Jugaban siló con tres dados y también a las cartas. A veces apostaban algún dinero. Cuando Minino se aproximó al lugar, ya estaba reunido un corrillo grande de jugadores. Eran unos once. Él reconoció allí a los habituales: Bibijagua, Yuyito, Pichile, Canilla. Y estaba Miguel Ángel Escalante intentando meterse en un bolsillo toda la suerte de los dados.
—¡Alto, párense ahí! —una voz retumbó en ya entrada la noche.
Ni siquiera les dio tiempo recoger el dinero en el suelo, tampoco los dados.
—¡Corre, coño, corre! —se gritaban unos a otros.
Comenzaron a retumbar los tiros como platos de vidrio lanzados contra una pared.
—¡Alto, alto!
—¡Corre, corre!
A unos gritos respondían los otros. En vez de ir hacia la seguridad de su casa, como muchos, Minino agarró por un fanguero, se arrastró por debajo de las cercas y pronto perdió los gritos. También los tiros. Después le contarían que José Antonio González (Pichile) recibió un balazo que entró por detrás de la oreja derecha y salió por el lado izquierdo del rostro. Y que poco después, peinando la zona, encontraron el cadáver de Miguel Ángel.
La mayoría de los jugadores fueron capturados y cumplieron unos doce días de prisión. Pichile sobrevivió, pero jamás volvería a hablar. Y a pesar de que se les dijo que el asunto quedaba olvidado y sellado, el miedo se instauró en el exiguo pueblo de 3 800 habitantes. Miedo del vecino, de los muertos, del susurro, de las noches, del juego prohibido y sobre todo del qué dirán.
***
La concentración se armó inesperadamente en medio del velorio. Y Félix, aunque era revolucionario, formaba parte de ella. Desde el amanecer había gente rondando el pueblo con brazaletes negros, cada Comité de Defensa de la Revolución (CDR) tenía su crespón en señal de luto. Y, excepto tres negocios —dos tiendas y la fábrica de brochas—, todo el mundo había cerrado sus locales en señal de protesta.
El administrador de la fábrica le dijo a su interventor:
—Oiga, Cortina, a mí me parece que eso es una acción contrarrevolucionaria.

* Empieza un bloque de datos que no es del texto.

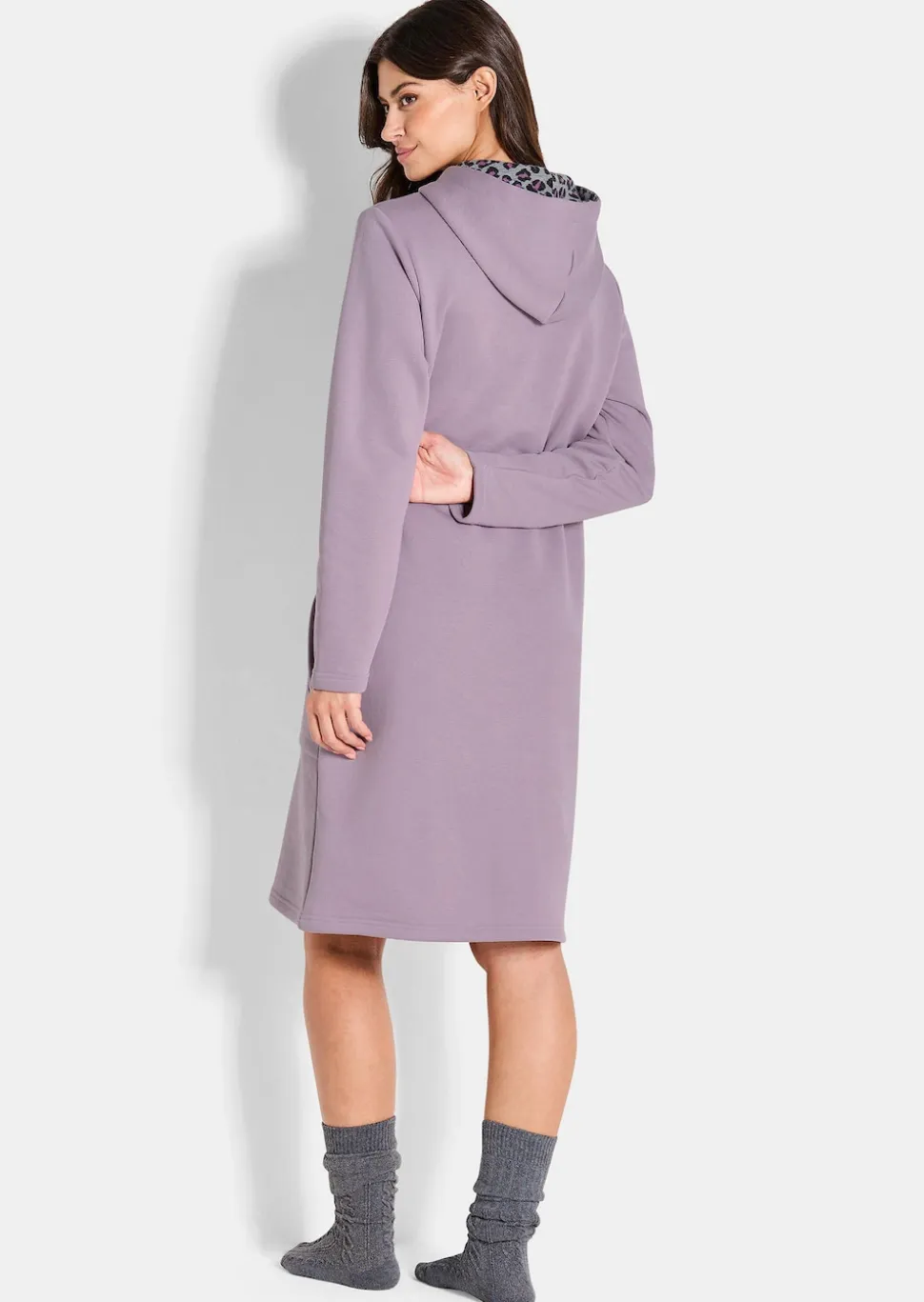 Robe en sweat avec capuche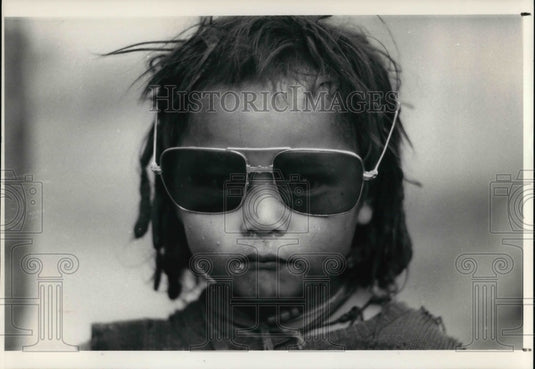1986 Press Photo A Tibetan kid wears a sun glasses - Historic Images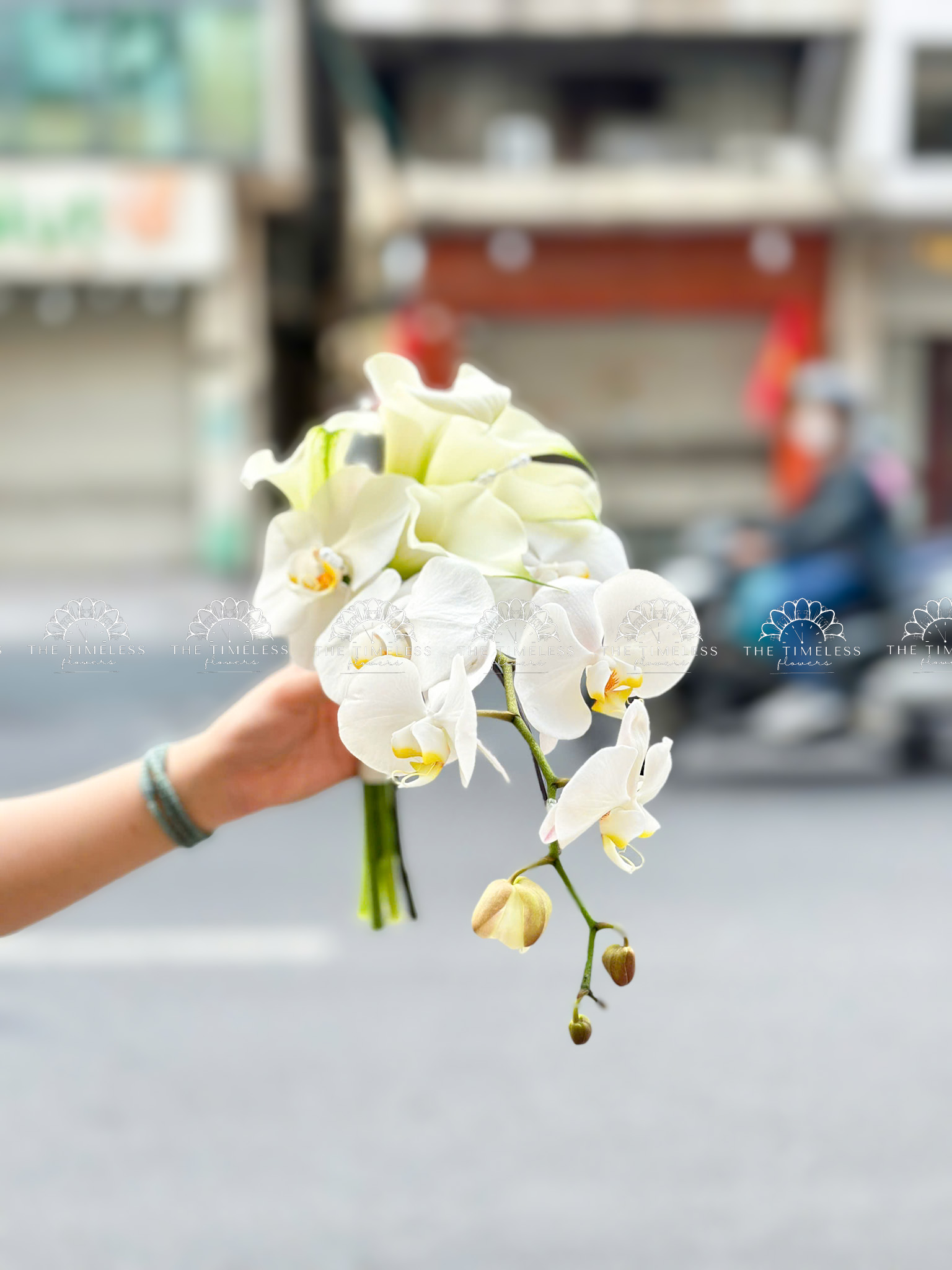 Hoa Cưới 5 Calla Lily mix Lan Hồ Điệp Trắng A482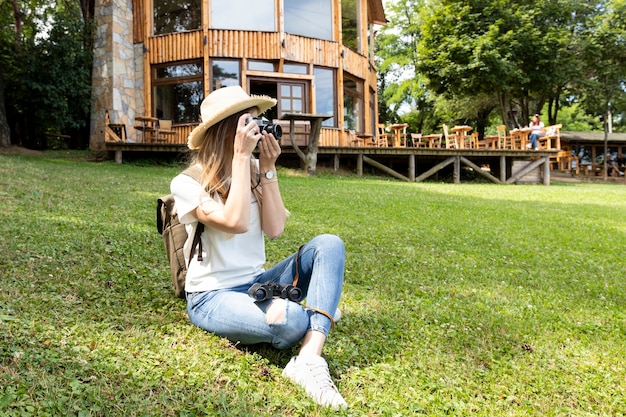 Totale einer Frau, die ein Foto macht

Tomó aire, el calor lo estaba asfixiando en ese día molesto:
—A mí me parece que la fábrica tiene que seguir trabajando, porque esto pertenece al estado y no puede vincularse con los jueguitos de la gusanera.
No obstante, ordenó que abrieran las puertas del local —lo afirma el historiador Gilberto Ayes en un libro de próxima aparición—.
—El que quiera salir que lo haga —dijo—, pero aquí no se va a parar la producción por nada.
Tomó aire de nuevo.
—Nosotros no vamos a cerrar, ni vamos a poner paños de luto.
Ernesto y un amigo suyo militar, Basilio, estaban parados en la calle cuando pasó la manifestación.
—Esto se va a poner malo —dijo Basilio.
Ernesto lo miró en silencio.
—Esto está malo, malo —rectificó Basilio y él también se quedó en silencio.
Cuando la cabeza de la columna tocó la cafetería El Caporal, una perseguidora se detuvo frente a ellos. Félix vio que uno de los policías salió y dijo a la gente:
—Compañeros, ustedes saben que en estos momentos no se pueden hacer manifestaciones.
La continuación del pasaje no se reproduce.